▶ **PROVIDED RECORDS**:
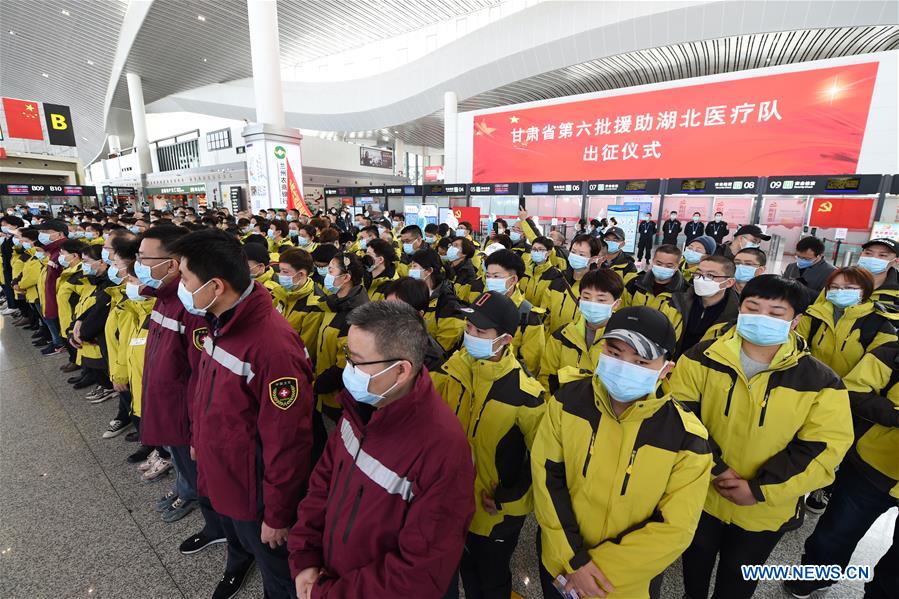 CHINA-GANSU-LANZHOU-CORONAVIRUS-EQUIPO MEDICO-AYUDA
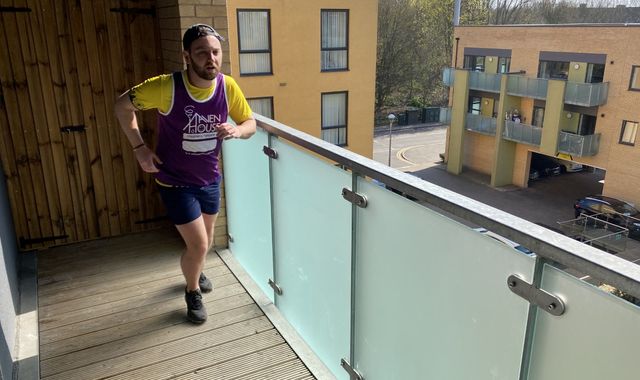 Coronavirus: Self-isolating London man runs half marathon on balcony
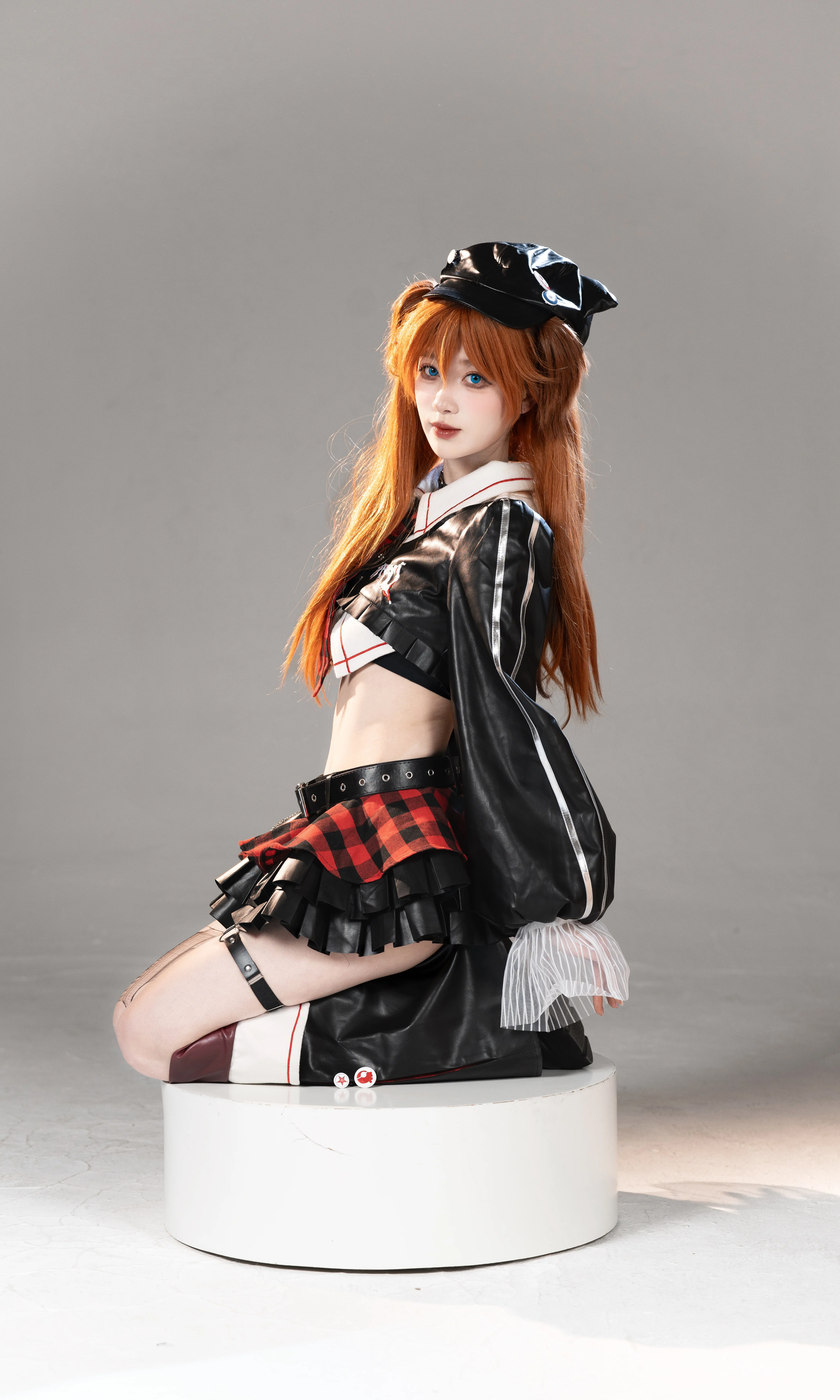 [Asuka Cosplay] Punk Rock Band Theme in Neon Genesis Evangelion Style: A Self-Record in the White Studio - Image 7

...

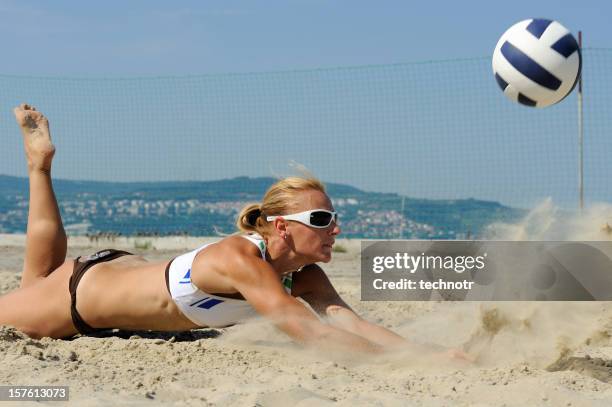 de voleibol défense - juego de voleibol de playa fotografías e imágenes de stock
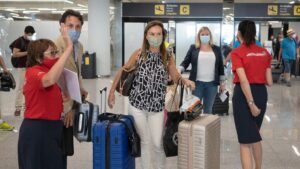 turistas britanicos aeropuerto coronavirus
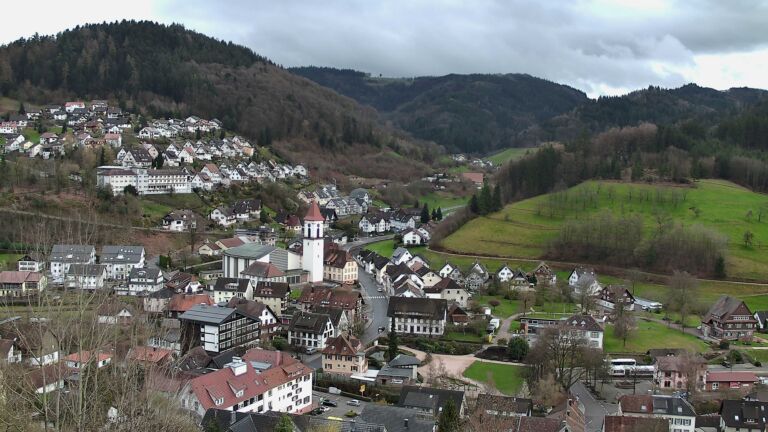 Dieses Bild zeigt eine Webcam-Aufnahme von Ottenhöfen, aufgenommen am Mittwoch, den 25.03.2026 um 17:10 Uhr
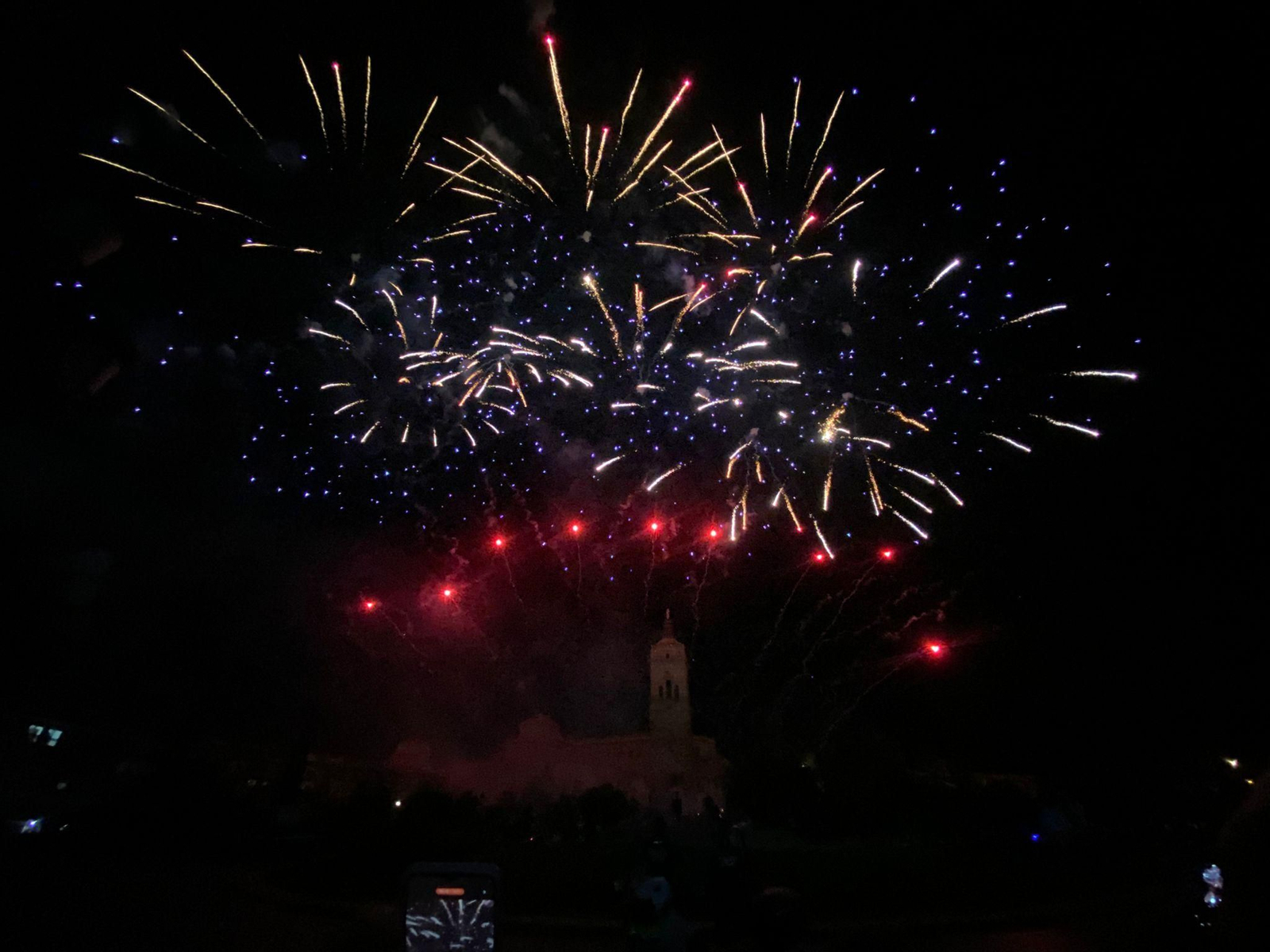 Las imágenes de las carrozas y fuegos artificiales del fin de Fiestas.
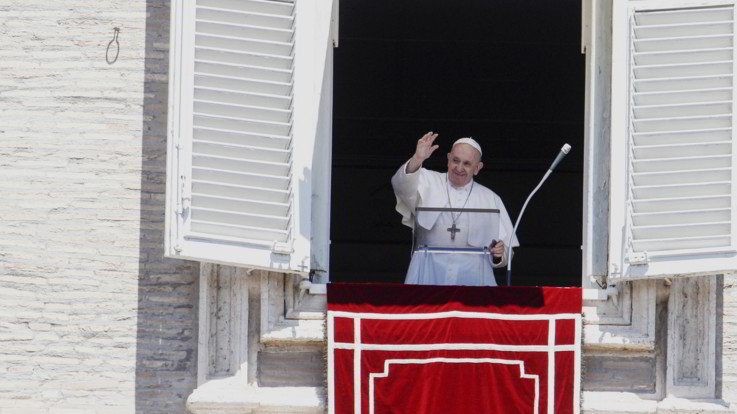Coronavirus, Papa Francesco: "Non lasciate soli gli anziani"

* * *

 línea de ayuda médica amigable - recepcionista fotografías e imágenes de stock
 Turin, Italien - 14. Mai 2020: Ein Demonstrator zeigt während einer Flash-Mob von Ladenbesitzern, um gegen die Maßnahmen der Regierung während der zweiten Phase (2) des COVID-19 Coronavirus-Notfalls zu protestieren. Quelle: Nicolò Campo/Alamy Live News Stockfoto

▶ **TASK TO CARRY OUT**:
Transcribe, word for word, the stretch of lines in the data above from the one with "Dieses Bild zeigt" through the one with "lasciate soli gli"; omit all pictures.

▶ **ANSWER AREA**:
 Dieses Bild zeigt eine Webcam-Aufnahme von Ottenhöfen, aufgenommen am Mittwoch, den 25.03.2026 um 17:10 Uhr
 Las imágenes de las carrozas y fuegos artificiales del fin de Fiestas.
Coronavirus, Papa Francesco: "Non lasciate soli gli anziani"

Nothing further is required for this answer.